Diante do exposto, considerando que o ven. Acórdão objurgado deu guarida aos constrangimentos que pesaram sobre os direitos dos Recorrentes, aguardam os mesmos o processamento e admissão deste Recurso Ordinário, para que, a final, seja-lhe dado provimento para cassar a decisão monocrática, restaurando com isso a plenitude dos direitos cerceados.

Belo Horizonte, 22 de outubro de 2.006.


Antônio Francisco Patente

Advogado. OAB/MG 38.778.


__________________
NOTA

1. 147 da Lei nº 8.112/90

2. “A perda do cargo de prefeito na ação civil pública por improbidade administrativa somente tem lugar com o trânsito em julgado da sentença condenatória; e seu afastamento, temporário, cujo prazo não pode ir além de sessenta (60) dias, somente tem lugar quando comprovadamente esteja, em exercício das funções, embaraçando e prejudicando os trabalhos de investigação e/ou da instrução. (…) Inteligência dos arts. 17, § 3º, e 20, parágrafo único da LEI 8.112/90”. TJPR, 6ª C. Civ.
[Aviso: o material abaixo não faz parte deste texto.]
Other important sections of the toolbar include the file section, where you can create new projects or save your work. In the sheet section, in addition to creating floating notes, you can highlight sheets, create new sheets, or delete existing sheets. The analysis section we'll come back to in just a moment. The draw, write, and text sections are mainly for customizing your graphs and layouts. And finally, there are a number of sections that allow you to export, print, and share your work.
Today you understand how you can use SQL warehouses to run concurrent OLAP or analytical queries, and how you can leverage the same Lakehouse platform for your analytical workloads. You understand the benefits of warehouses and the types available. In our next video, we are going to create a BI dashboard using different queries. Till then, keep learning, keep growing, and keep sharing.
Rel. Des. Cordeiro Cleve. J. 14.03.2012 – Acórdão 6461. Retirado da base de dados do TJPR, via internet.

3. FERNANDES, Antonio Scarance. Processo Penal Constitucional. RT, São Paulo : 2.000 – págs. 119 e 120.

4. Apelação Criminal nº 97.05.08053-4/AL, 1ª Turma do TRF da 5ª Região, Rel. Juiz Castro Meira. J. 19.06.1997, Publ. 11.07.1997, p. 53561

5. TRF5. Mandado de Segurança nº 044760/PB. Rel. Juiz José Delgado. J. 14/06/1994, p. DJU 28/07/1995, p. 046827. Retirado da base de dados do TRF5 via internet.

6. Maximiliano, Carlos. Hermenêutica e Aplicação do Direito. 6ª Ed. Freitas Bastos, 1957. Pág.406

7. Campos Barros, Romeu Pires de. Processo Penal Cautelar. Forense, 1982, 1ª Ed. Pág. 58.

8. HC 75.662-0/SP. Segunda Turma. Rel. Min. Marco Aurélio. J. 03.03.1998. p. DJU 17.04.98.

9. Apelação Crime nº 697018075, 1ª Câmara Criminal do TJRS, Sapiranga, Rel. Des. Ranolfo Vieira. J. 09.04.1997

10. VARGAS, José Cirilo de. Direitos e Garantias Individuais no Processo Penal. Forense. Rio de Janeiro: 2002. Pág. 239/240.